> **ASSIGNMENT**: Return every entry in full, with no alterations.

> **Short descriptive text snippets**:
>>

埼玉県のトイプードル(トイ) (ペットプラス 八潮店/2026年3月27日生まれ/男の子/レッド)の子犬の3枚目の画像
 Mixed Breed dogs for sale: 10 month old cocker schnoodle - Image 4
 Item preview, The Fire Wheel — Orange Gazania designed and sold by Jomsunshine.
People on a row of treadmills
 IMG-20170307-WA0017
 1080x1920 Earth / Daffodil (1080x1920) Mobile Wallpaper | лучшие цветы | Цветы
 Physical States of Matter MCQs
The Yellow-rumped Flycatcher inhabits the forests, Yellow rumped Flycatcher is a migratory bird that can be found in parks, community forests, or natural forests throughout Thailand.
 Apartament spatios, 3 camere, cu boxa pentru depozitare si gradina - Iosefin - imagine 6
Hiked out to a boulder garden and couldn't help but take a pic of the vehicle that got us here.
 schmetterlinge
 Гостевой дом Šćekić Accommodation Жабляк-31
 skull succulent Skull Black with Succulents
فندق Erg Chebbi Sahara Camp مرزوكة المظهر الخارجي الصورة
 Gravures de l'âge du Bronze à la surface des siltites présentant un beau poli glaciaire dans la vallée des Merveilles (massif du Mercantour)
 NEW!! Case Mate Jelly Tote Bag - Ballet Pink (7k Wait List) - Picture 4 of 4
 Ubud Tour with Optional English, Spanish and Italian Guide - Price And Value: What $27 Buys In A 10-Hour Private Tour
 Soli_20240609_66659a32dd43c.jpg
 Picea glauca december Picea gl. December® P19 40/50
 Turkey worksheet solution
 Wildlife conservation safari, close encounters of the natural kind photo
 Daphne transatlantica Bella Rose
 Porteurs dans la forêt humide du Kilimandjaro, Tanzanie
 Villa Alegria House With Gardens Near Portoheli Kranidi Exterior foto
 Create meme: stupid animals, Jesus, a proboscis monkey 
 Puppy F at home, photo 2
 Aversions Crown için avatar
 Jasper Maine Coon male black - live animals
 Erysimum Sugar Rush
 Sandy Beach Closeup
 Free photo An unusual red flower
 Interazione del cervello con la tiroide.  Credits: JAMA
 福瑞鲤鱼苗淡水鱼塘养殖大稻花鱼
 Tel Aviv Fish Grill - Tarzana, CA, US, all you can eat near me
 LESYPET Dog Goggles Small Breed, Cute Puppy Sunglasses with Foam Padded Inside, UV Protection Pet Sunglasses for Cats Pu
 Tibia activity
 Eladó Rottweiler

<<

> **REPLY TO THE EXERCISE**:
埼玉県のトイプードル(トイ) (ペットプラス 八潮店/2026年3月27日生まれ/男の子/レッド)の子犬の3枚目の画像
 Mixed Breed dogs for sale: 10 month old cocker schnoodle - Image 4
 Item preview, The Fire Wheel — Orange Gazania designed and sold by Jomsunshine.
People on a row of treadmills
 IMG-20170307-WA0017
 1080x1920 Earth / Daffodil (1080x1920) Mobile Wallpaper | лучшие цветы | Цветы
 Physical States of Matter MCQs
The Yellow-rumped Flycatcher inhabits the forests, Yellow rumped Flycatcher is a migratory bird that can be found in parks, community forests, or natural forests throughout Thailand.
 Apartament spatios, 3 camere, cu boxa pentru depozitare si gradina - Iosefin - imagine 6
Hiked out to a boulder garden and couldn't help but take a pic of the vehicle that got us here.
 schmetterlinge
 Гостевой дом Šćekić Accommodation Жабляк-31
 skull succulent Skull Black with Succulents
فندق Erg Chebbi Sahara Camp مرزوكة المظهر الخارجي الصورة
 Gravures de l'âge du Bronze à la surface des siltites présentant un beau poli glaciaire dans la vallée des Merveilles (massif du Mercantour)
 NEW!! Case Mate Jelly Tote Bag - Ballet Pink (7k Wait List) - Picture 4 of 4
 Ubud Tour with Optional English, Spanish and Italian Guide - Price And Value: What $27 Buys In A 10-Hour Private Tour
 Soli_20240609_66659a32dd43c.jpg
 Picea glauca december Picea gl. December® P19 40/50
 Turkey worksheet solution
 Wildlife conservation safari, close encounters of the natural kind photo
 Daphne transatlantica Bella Rose
 Porteurs dans la forêt humide du Kilimandjaro, Tanzanie
 Villa Alegria House With Gardens Near Portoheli Kranidi Exterior foto
 Create meme: stupid animals, Jesus, a proboscis monkey 
 Puppy F at home, photo 2
 Aversions Crown için avatar
 Jasper Maine Coon male black - live animals
 Erysimum Sugar Rush
 Sandy Beach Closeup
 Free photo An unusual red flower
 Interazione del cervello con la tiroide.  Credits: JAMA
 福瑞鲤鱼苗淡水鱼塘养殖大稻花鱼
 Tel Aviv Fish Grill - Tarzana, CA, US, all you can eat near me
 LESYPET Dog Goggles Small Breed, Cute Puppy Sunglasses with Foam Padded Inside, UV Protection Pet Sunglasses for Cats Pu
 Tibia activity
 Eladó Rottweiler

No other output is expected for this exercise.